### [What this task involves]
Find every line below that contains the word "Light" and copy it out.

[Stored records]
=== Section Start ===
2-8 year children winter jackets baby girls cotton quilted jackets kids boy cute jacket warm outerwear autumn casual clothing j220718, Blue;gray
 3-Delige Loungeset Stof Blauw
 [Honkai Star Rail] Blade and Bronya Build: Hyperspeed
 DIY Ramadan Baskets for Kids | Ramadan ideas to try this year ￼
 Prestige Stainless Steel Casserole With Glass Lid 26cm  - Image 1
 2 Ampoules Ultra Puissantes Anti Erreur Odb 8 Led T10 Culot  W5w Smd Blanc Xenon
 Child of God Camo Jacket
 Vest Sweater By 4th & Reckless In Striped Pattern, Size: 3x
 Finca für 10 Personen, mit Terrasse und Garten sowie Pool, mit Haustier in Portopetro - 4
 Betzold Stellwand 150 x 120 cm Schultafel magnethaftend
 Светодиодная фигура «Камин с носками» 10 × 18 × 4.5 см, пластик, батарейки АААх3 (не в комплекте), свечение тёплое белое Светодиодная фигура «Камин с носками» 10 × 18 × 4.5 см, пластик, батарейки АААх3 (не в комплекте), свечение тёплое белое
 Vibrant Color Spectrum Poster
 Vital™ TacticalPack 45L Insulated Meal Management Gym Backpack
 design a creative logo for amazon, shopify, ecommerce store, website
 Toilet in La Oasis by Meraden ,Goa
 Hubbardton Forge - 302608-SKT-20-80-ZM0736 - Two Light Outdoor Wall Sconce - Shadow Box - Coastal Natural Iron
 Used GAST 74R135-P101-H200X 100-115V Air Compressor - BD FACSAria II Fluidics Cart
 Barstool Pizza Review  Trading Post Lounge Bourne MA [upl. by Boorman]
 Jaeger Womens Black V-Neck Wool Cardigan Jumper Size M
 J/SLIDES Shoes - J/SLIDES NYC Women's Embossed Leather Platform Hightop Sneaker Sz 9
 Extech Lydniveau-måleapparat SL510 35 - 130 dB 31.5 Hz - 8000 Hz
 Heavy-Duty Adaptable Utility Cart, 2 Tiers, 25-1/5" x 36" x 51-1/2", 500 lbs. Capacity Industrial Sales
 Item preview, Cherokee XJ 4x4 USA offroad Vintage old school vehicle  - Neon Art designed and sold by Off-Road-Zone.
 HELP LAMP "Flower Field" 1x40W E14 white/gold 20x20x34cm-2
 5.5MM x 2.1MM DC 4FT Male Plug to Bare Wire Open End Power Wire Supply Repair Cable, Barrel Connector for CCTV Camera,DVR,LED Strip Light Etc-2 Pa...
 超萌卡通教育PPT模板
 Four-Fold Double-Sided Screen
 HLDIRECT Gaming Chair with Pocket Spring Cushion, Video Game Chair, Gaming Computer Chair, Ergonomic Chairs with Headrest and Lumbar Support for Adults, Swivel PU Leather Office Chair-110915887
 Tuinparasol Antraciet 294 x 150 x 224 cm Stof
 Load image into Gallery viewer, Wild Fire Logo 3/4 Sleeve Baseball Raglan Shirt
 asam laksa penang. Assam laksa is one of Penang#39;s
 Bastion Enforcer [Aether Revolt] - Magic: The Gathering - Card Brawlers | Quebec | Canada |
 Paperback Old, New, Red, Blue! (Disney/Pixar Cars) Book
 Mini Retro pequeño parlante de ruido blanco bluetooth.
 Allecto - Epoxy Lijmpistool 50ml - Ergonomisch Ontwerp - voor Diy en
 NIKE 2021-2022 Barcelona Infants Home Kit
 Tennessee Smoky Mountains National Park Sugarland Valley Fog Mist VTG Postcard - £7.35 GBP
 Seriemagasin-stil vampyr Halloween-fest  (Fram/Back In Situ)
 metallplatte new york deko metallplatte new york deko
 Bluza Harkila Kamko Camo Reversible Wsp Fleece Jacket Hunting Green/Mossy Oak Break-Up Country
=== Section End ===
### [Written response]
 Hubbardton Forge - 302608-SKT-20-80-ZM0736 - Two Light Outdoor Wall Sconce - Shadow Box - Coastal Natural Iron
 5.5MM x 2.1MM DC 4FT Male Plug to Bare Wire Open End Power Wire Supply Repair Cable, Barrel Connector for CCTV Camera,DVR,LED Strip Light Etc-2 Pa...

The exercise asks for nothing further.